I'm more concerned with the effects of this behavior, though. Am I actually creating a better world for myself by denying the world we live in? It does not seem to follow logically that by ignoring one reality we may create another. Can any reality exist in a vacuum without being informed by a previous reality, and honestly, isn't ignoring something simply another way of addressing its presence in your life? That doesn't imply that the world we live in is good, does it?

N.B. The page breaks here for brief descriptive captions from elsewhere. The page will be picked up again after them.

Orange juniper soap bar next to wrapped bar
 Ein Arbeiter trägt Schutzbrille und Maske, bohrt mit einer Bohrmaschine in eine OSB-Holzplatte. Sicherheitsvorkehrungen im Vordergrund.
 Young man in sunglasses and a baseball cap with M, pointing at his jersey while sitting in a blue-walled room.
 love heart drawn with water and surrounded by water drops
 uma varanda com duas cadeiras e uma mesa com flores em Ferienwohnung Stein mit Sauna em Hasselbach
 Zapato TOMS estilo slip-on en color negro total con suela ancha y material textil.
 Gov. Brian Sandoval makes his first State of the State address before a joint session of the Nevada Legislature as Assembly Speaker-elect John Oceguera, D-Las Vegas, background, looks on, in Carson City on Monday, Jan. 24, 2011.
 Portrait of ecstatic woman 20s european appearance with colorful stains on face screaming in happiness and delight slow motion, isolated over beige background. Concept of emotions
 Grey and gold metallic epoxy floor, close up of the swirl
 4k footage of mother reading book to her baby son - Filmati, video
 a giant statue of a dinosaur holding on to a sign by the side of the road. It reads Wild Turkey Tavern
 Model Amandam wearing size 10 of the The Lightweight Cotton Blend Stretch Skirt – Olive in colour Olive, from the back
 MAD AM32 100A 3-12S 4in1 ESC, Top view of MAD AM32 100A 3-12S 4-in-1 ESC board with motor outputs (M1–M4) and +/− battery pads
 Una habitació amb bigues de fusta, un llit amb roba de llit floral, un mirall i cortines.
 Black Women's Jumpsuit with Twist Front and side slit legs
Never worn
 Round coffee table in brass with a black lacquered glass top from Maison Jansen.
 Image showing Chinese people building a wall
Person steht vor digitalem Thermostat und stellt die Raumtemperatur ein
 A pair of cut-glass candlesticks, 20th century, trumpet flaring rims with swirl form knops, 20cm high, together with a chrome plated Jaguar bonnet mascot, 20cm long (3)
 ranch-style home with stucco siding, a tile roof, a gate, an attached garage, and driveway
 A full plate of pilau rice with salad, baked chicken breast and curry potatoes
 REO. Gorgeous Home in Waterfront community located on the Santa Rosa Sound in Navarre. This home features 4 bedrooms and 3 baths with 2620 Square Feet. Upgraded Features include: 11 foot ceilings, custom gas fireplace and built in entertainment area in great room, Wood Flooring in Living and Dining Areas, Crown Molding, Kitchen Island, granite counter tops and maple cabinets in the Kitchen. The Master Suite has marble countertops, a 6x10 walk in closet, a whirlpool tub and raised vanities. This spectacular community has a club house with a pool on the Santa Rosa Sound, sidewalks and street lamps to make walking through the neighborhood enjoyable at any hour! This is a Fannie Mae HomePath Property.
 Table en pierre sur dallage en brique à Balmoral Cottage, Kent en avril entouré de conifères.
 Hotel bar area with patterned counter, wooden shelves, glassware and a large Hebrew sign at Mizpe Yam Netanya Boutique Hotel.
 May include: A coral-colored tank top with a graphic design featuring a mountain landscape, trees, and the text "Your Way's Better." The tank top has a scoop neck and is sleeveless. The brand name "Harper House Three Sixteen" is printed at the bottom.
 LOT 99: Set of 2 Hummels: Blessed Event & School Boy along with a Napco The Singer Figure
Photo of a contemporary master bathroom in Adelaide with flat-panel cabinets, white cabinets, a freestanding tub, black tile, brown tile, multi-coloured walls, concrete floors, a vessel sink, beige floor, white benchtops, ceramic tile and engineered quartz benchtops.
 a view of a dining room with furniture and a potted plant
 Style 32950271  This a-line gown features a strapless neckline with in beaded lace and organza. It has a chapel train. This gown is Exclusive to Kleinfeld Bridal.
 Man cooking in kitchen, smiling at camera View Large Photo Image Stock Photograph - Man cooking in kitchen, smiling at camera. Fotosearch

I do not know what to believe, but I do know that whatever belief comes home to roost must pay rent. I'm uncomfortable with the idea that so many thoughts take up residence in my head without my say-so, but I'm unwilling to take action given how similar it feels to the way creative people create masterpieces: by being a little bit off and a little bit in their own world. Or is that one of my false memories? Equally as confounding, do other people experience this? The brutal isolation of individuality makes it almost impossible to know. It's a situation my brain wants to solve coldly and rationally, but the nature of the problem does not lend itself to objective study at all. When I come up for air I'm fatigued and full of ennui for a world that does not have to ask permission.

Of course, that leaves out my own agency entirely. In this scenario it sounds as if I'm a bystander and a puppet to this mysterious force. That's not the case. Sometimes I'm aware—painfully so—that the words coming out of my mouth make no sense. Instead of cutting off the stream, I consciously allow the flow to continue to see where it takes me. My curiosity always trumps my social tact (which may or may not exist at all). And even if I do cut myself off or alter my own behavior I am left haltingly devoid of accurate alternatives. I simply freeze.

Have you ever been frozen? Not "I can't dance, so I'll stand here," frozen. But frozen for words, actions, thoughts? Petrified that the next words or movements you make won't be yours? You know if you have.